We want each path to have a success probability of at least x%
Thus let l be the length of the planned path and c be the capacity of the smallest channel.
Then s = (c+1-a)/(c+1) is the success probability for the allocated amount a (Of course one does not have to use a uniform distribution to estimate the success probabilities but use a different prior. the following fomulars would however change)
We require s >= x ** (1/l) which means the path has a probability of at least x
For now we ignore prior knowledge and believe (Thus one reason for this to be WIP)
knowing s at equality we solve for a --> a = (c+1) - s*(c+1) = (c+1)*(1-s)
we allocate a sats to the candidate path

Comparison to existing splitters

Existing splitters operate by the following ideas

divide by 2 if the amount seems to large after several attampts (I think this is the LND rational)
define a fixed number of parts one wishes to have and divide into that many parts (I think this is LDK)
define a payment size for the parts and split down to that size ( this is one of the rationals by core lightning)
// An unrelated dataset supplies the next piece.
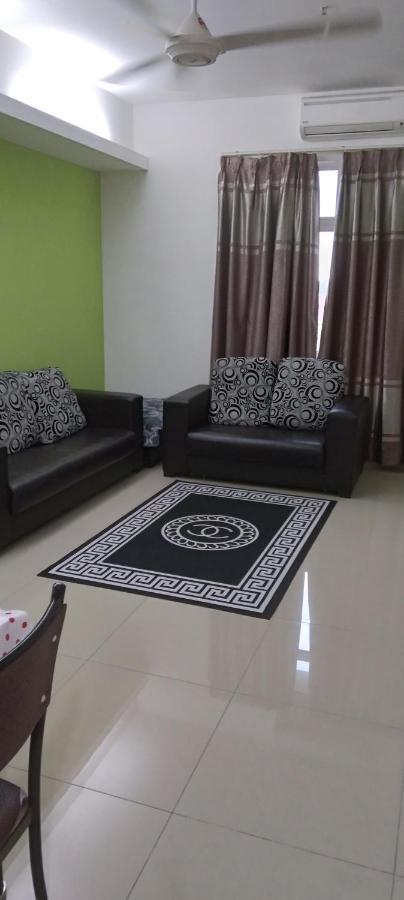 Risqi Apartment 2 Bedroom Wakaf Che Yeh Кота-Бару Экстерьер фото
Non of the above mentioned ideas start with reliability and can be used to derrive service level objectives. With the method that I proposed one can start with a clear service level objective and get single parts that have all the same success probability and obviously the single parts can be derrived with cost functions that focus more on fees or more on reliability or any other feature that one may find desireable

While this is not directly an issue I thought I drop this here as there was previously the discussion about splitting heuristics and as mentioned I have to withdraw some of by too strong claims statements.

Answer 1 · 2023-05-09T19:07:15.000Z

Mmm, interesting, yea, that's nifty, thanks! We could probably do this by pushing the decision of how much to send over a channel into the scorer and then the router just does whatever the scorer says. From there we could configure the scorer to do the above calculation, or something else based on whatever its probability knob says.

One related thing is I want to move to a nonlinear probability distribution soon. Been playing with it a bit and absent a better idea will probably do a distribution of something like (a/c - 0.5)**4 (or 6 or 8, dunno which exponent yet), mostly because its super easy to calculate the integral of in nice fast fp math (the ^4 one implies 3 fp multiplies to get a ^5 for the integral or 6 or 8 are 4 fp multiplies). I'm not quite sure how to fit that into the above in a way that's fast but I also haven't thought deeply about it, and we could change to a different function as long as we can calculate it fast.